If you suspect the hydrometer is bad, put it in some water and see if it reads 1.000

as for heating up your must, some use aquarium heaters right in the must. I put the bucket in a tub of water and put the heater in the water.


----------



## chasemandingo (May 4, 2013)

Good idea on the aquarium heaters. Good idea on the hydrometer too. I am wondering if it is unheard of for the s.g. to drop that rapidly? Thanks again for any replies!


----------



## seth8530 (May 4, 2013)

No, it is not unheard of for your SG to drop that rapidly. It just means you have a strong fermentation. I imagine the reason why your fermentation is zooming by so fast is because you most likely skipped much of the lag phase by first building up a strong starter. 

Adding yeast on later will likely have 0 to none effect on your fermentation since your fermentation was already going so strong and you already built up a strong colony in the must. Yeast tends to reach an equilibrium point in a must and does not tend to really grow way past that. At least that is what I have heard.


BTW welcome to the forums and to a very rewarding hobby!


----------



## Julie (May 4, 2013)

Hi welcome to WineMakingTalk and I really don't anything to add with what Seth has told you


----------



## chasemandingo (May 4, 2013)

Well thank you all for your quick responses and great input. I really feel that this hobby will bring me great enjoyment over my life but will probably bring enjoyment to a lot of my friends as well!


----------



## Julie (May 4, 2013)

chasemandingo said:


> Well thank you all for your quick responses and great input. I really feel that this hobby will bring me great enjoyment over my life but will probably bring enjoyment to a lot of my friends as well!



Lo, you have no idea how addictive this is, you are going to be looking at piece of fruit and candy and think "can I ferment that" lol


----------



## seth8530 (May 4, 2013)

Julie said:


> Lo, you have no idea how addictive this is, you are going to be looking at piece of fruit and candy and think "can I ferment that" lol



Aint that the truth.. One time the local discount store had frozen sliced peaches on sale.... then not much later I was fermenting 12 gallons of peach wine.


----------



## DoctorCAD (May 4, 2013)

1 pack of yeast is all you need, and don't boil your water.


----------



## chasemandingo (May 4, 2013)

I feel ya both. I'm not even through my first skeeter pee and I have gallon zip lock bags of dandelions in the freezer. I'm also dead set on making a ginger wine, hibiscus wine, apple wine, pear wine and many more! I might as well start digging a cellar tonight lol. I have a shovel and a bottle of apricot wine made by the Amish so I think i'm set!


----------



## seth8530 (May 4, 2013)

Woah, Amish made wine? Oxymoron?


----------



## chasemandingo (May 5, 2013)

Yeah I know right?
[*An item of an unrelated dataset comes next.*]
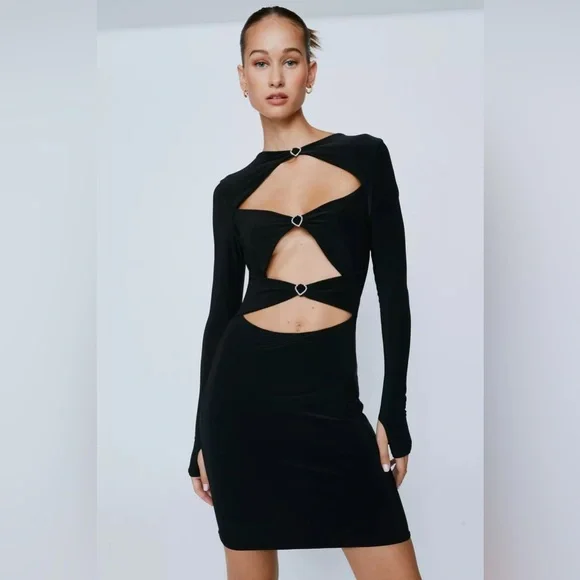 Nasty Gal | Dresses | Slinky Diamante Trim Cut Out Mini Dress | Poshmark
I checked my s.g. tonight and it has dropped to 1.015 and a strong yeast smell has overpowered the citrus of the lemon juice. I am under the impression that this will subside once the pee is stabilized and clarified. Is this assumption correct?


----------



## CBell (May 6, 2013)

Yeah. Mine was really yeasty at that point. Has gone back to smelling lemon-y halfway through clearing


----------